WHAT TO PRODUCE: Repeat the records word for word, excluding any picture.

Start of Block

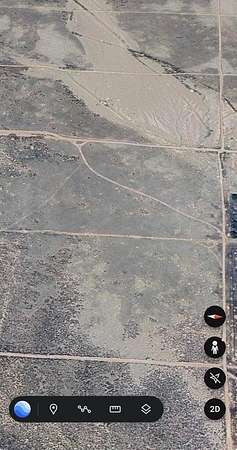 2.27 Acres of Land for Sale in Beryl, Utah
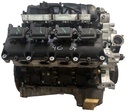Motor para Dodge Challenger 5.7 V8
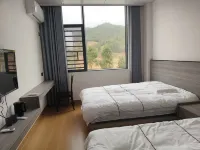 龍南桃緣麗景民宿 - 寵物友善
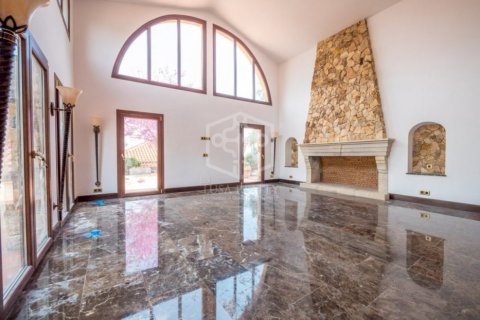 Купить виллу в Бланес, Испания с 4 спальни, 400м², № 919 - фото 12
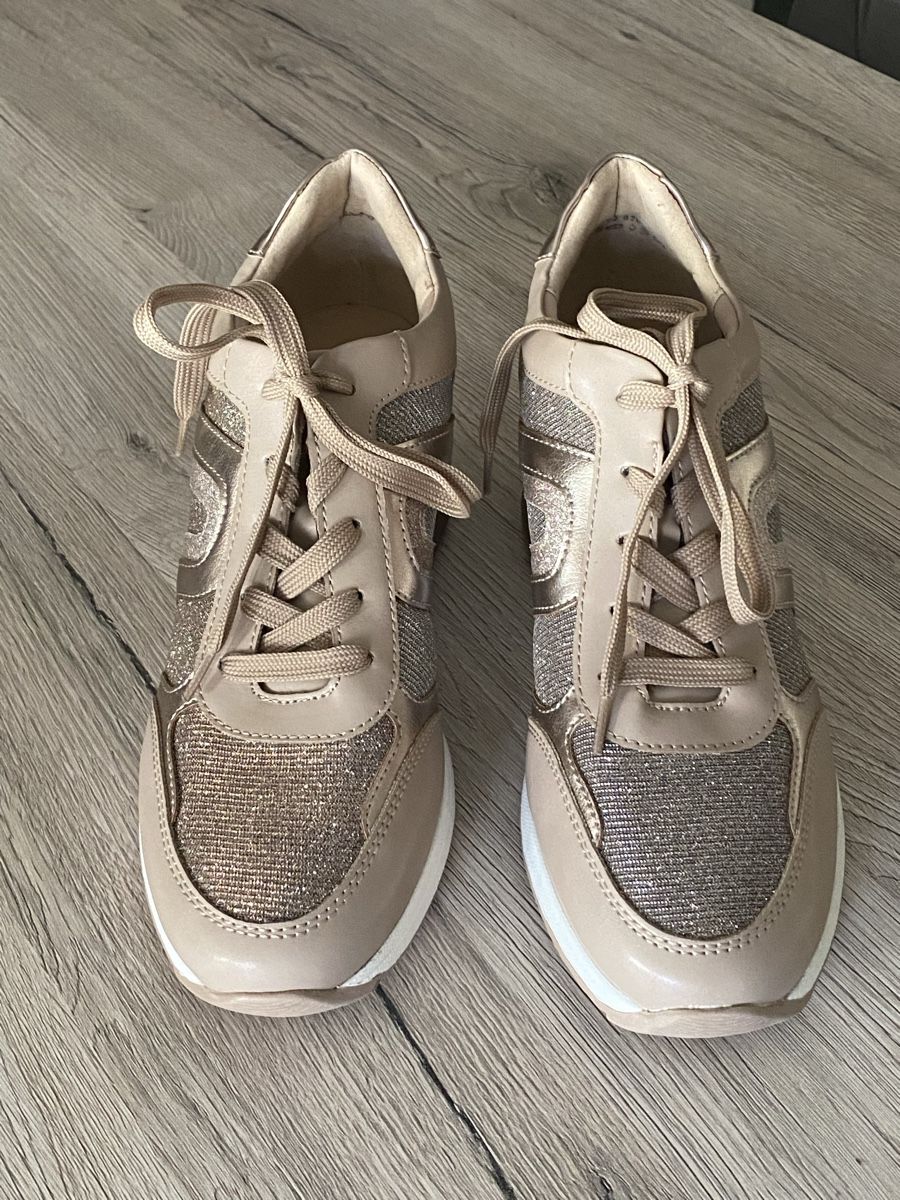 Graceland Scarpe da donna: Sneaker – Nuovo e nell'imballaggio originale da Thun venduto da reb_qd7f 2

End of Block

RESPONSE FOR THIS EXERCISE:
 2.27 Acres of Land for Sale in Beryl, Utah
Motor para Dodge Challenger 5.7 V8
 龍南桃緣麗景民宿 - 寵物友善
 Купить виллу в Бланес, Испания с 4 спальни, 400м², № 919 - фото 12
 Graceland Scarpe da donna: Sneaker – Nuovo e nell'imballaggio originale da Thun venduto da reb_qd7f 2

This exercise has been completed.